TASK PROMPT: Which lines of the entries below run from the one holding "盐酸噻美尼定,Tiamenidine hydrochloride" to the one holding "Anthropic и Белый", inclusive? Set down exactly those lines and no others.

DATA:

=== Section Start ===

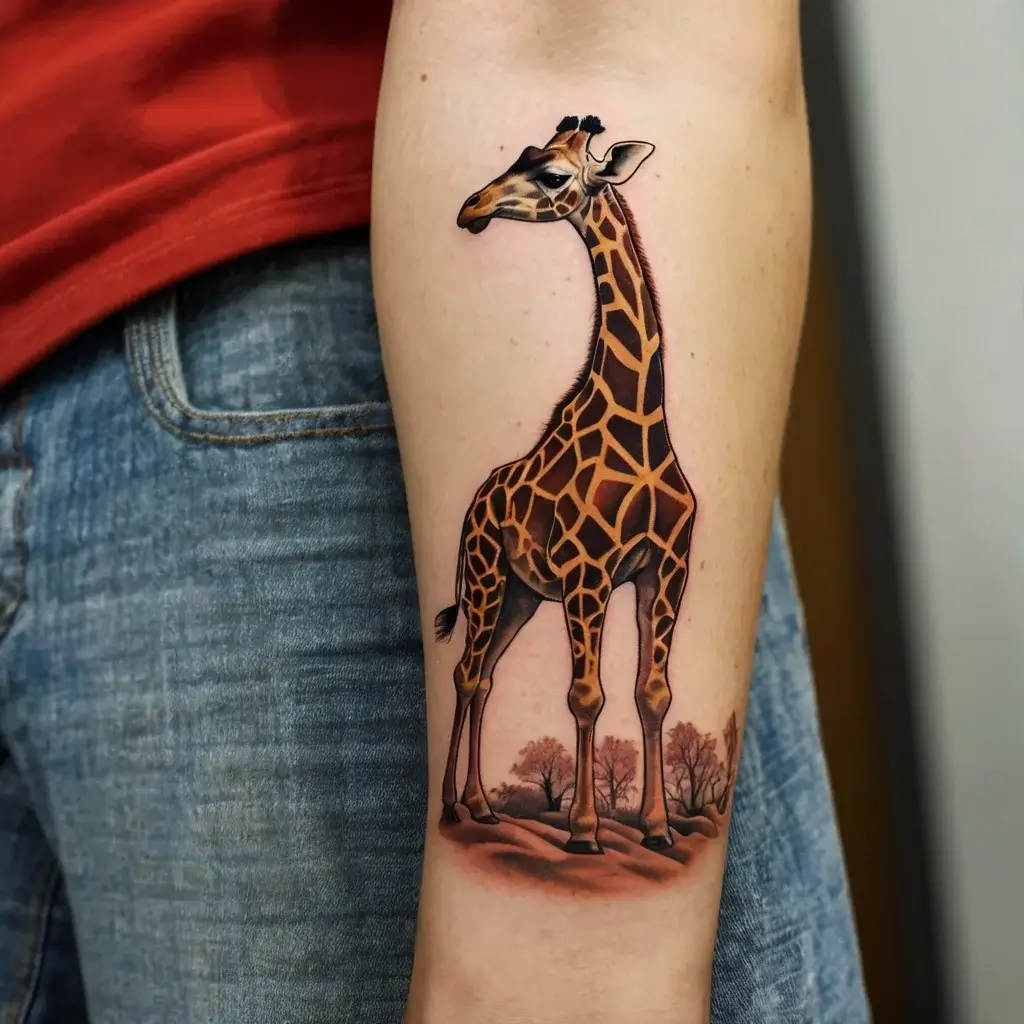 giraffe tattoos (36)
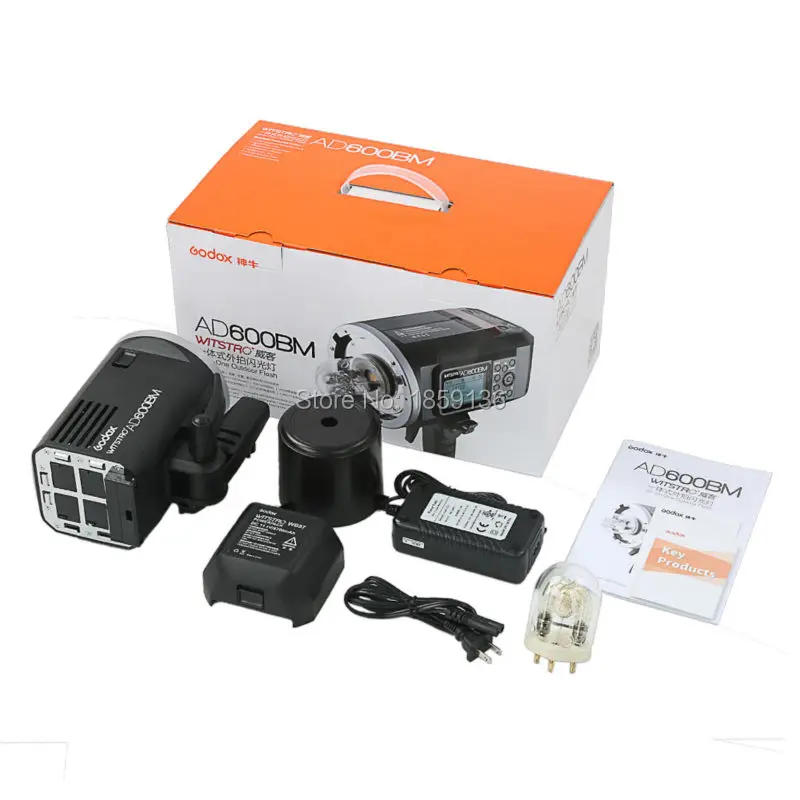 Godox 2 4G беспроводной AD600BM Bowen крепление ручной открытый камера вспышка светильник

=== Section End ===
=== Section Start ===

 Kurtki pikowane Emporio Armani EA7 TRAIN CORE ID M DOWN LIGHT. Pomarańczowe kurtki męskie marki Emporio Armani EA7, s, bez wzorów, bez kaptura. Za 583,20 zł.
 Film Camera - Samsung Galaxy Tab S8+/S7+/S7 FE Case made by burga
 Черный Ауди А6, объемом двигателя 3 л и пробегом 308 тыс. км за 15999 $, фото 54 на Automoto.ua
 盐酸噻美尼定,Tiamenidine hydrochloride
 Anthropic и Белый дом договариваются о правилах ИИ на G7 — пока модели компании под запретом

=== Section End ===
=== Section Start ===

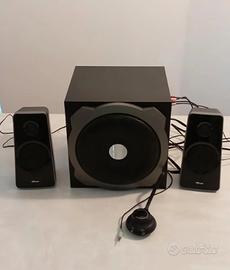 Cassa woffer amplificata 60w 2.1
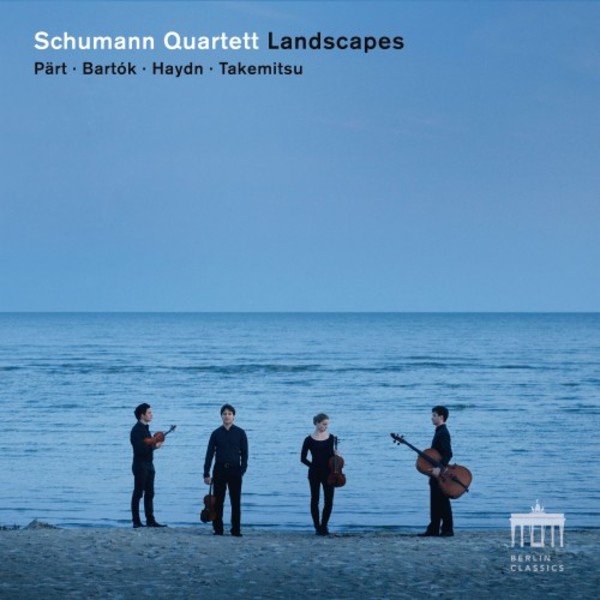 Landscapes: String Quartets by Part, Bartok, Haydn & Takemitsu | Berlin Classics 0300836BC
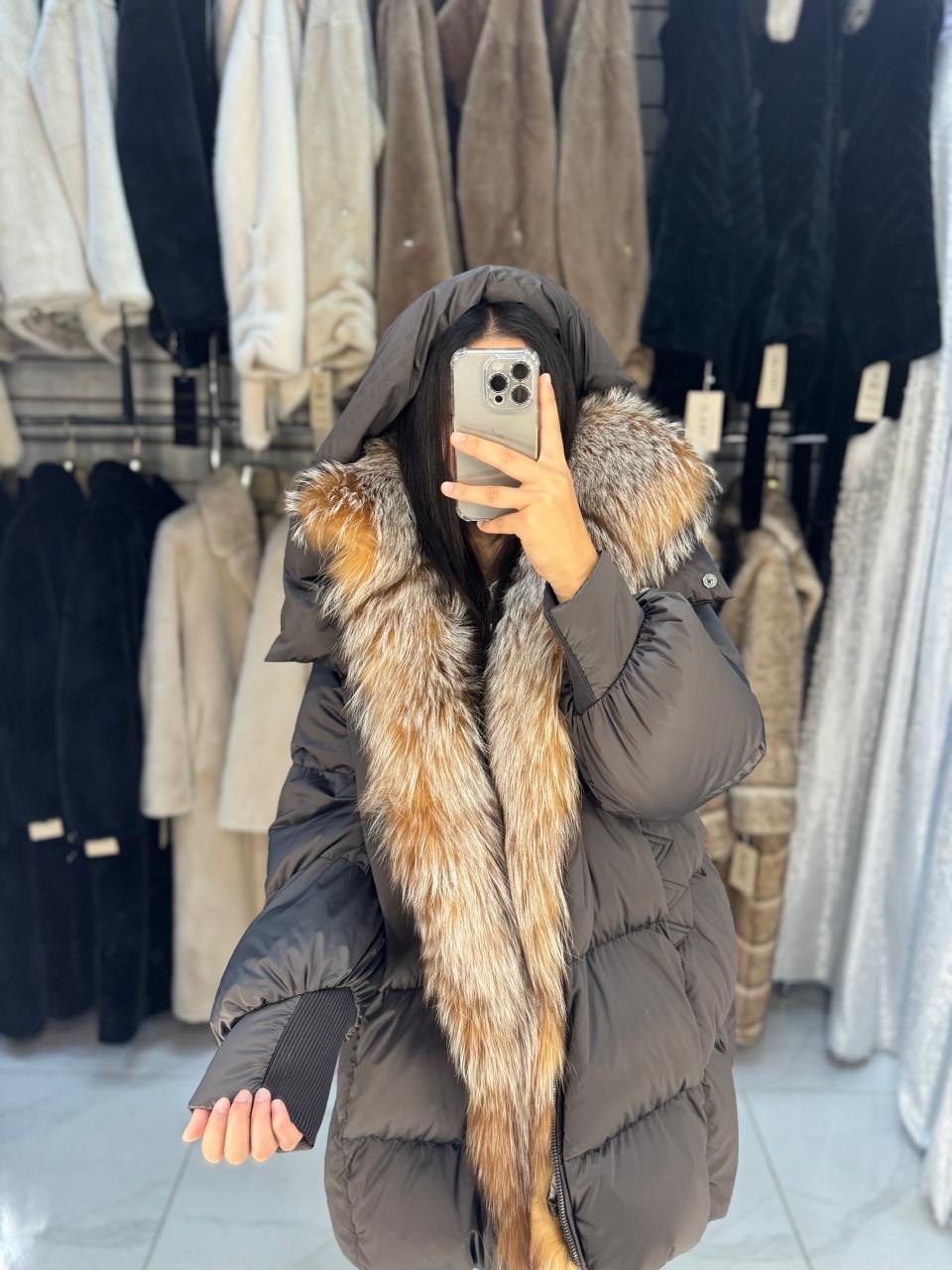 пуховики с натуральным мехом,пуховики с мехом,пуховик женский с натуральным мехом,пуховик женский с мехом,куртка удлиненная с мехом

=== Section End ===

RESPONSE TO THIS TASK:
 盐酸噻美尼定,Tiamenidine hydrochloride
 Anthropic и Белый дом договариваются о правилах ИИ на G7 — пока модели компании под запретом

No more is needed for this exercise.